Афон опять выпучил глаза на горнового и воскликнул, удивленный чем-то значительным:
— Гляди-ка! Нет, погоди, Миша, погоди... А для чего же ты сам родился и чугун варил всю жизнь, пока силы были?
Михаил Авдеевич сказал не сразу:
— Может, для того, чтобы Коська стал художником...
— Да-а! — снова протянул Афон почти восхищенно. — Фу ты черт! Разыгрываешь меня? Ну давай, всех металлургов — в художники!
Михаил Авдеевич пережидал, пока Афон крутил головой, а сам начал улыбаться — все шире.
— Зачем — всех? Не получится. Меня, например, сколько ни бей, художником не сделаешь. Да и тебя. А одного, скажем, или десяток послать — металлургов не убудет.
Он все еще улыбался, но улыбка у него была какая-то печальная, не храбрая. Присев рядышком, на скамейку, Афон помаялся, покашлял в ладонь и спросил, повернув к другу раскрасневшееся лицо:
— А чего ж он сам? Где был? Дожидался, пока поздно будет?
— Моя вина...
— Да-а... Слышишь, Коська кричит. Зовет. Иди... Этюдник был уже закрыт, кисти вымыты и вытерты, по лицу Кости, усталому донельзя, растеклось удовлетворение — до румянца, словно бы поджегшего щеки, как у «бабушки» Сережи. Костя отчаянно курил, дым лез в глаза, он морщился и отмахивался. И отступил на шаг, когда старик присел на крыльцо «кибитки», его шершавую ступеньку, сколоченную когда-то своими руками.

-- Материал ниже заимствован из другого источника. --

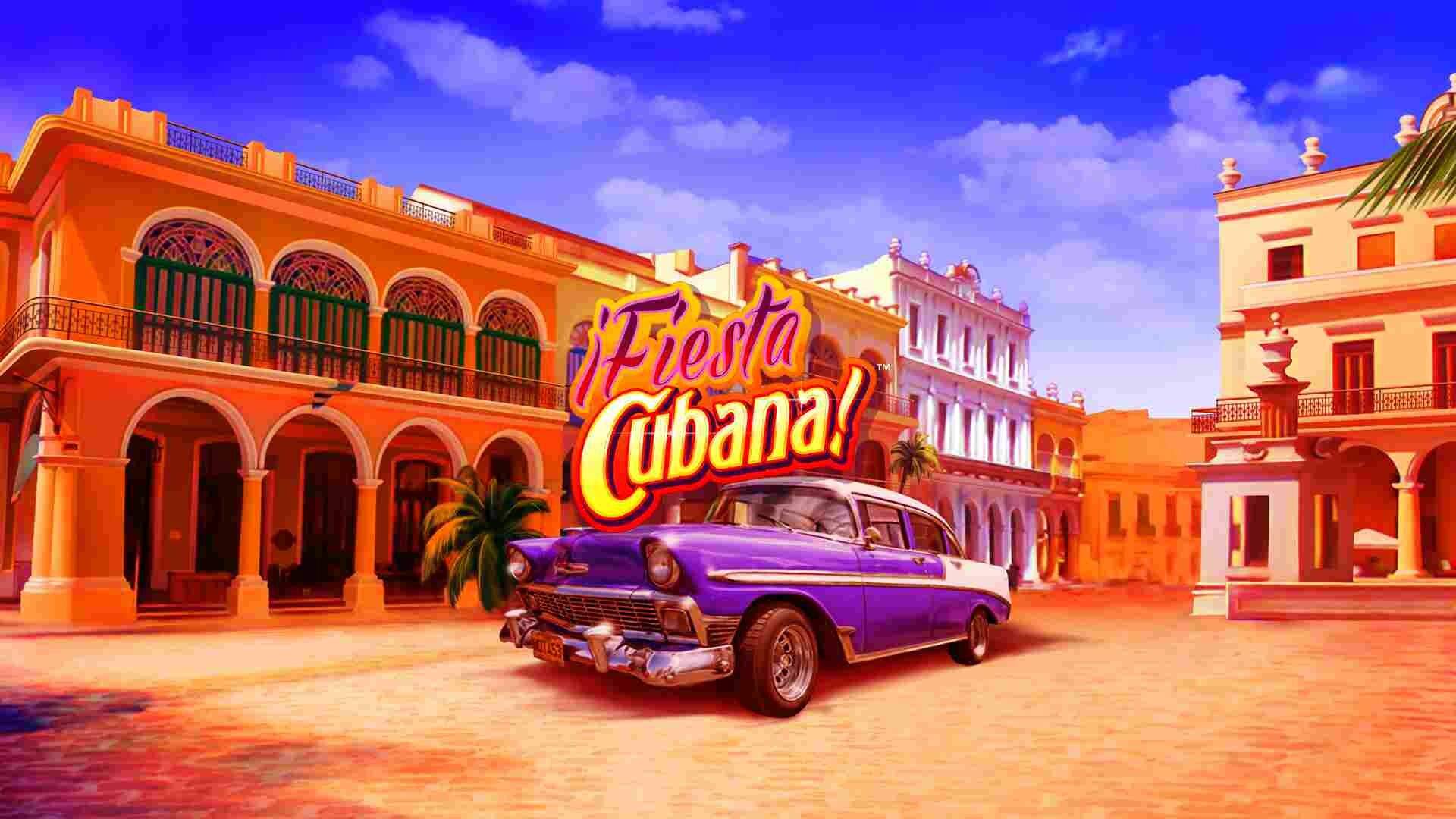 Fiesta Cubana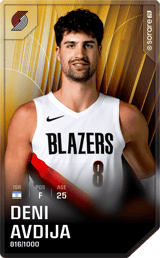 Deni Avdija - limited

— Хотел показать тебе, да решил — потом. Еще не все! — сказал Костя, размахивая дым, потянувшийся в сторону отца.
Хорошо было на участке. Небо здесь раскидывалось просторней, чем над городом, стены и крыши не лезли в него наперегонки, не закрывали, и вечерний свет таял над землей еще долго, хотя солнце скрылось. Легкий воздух, казалось, не колыхался, однако дым полз, подчиняясь какому-то неощутимому воздушному току. Костя отшагнул еще дальше со своей сигаретой.
— Да кури! А я могу погромче говорить. Нас тут двое, Афон домой отправился. Да что — двое! Я и на людях — то же самое... Вот будет у Зины этот вечер «Рабочая династия» — выступлю. Я себе пощады не прошу.
— О чем ты, отец? — спросил Костя, щурясь уже не от дыма, а от непонимания и беспокойства.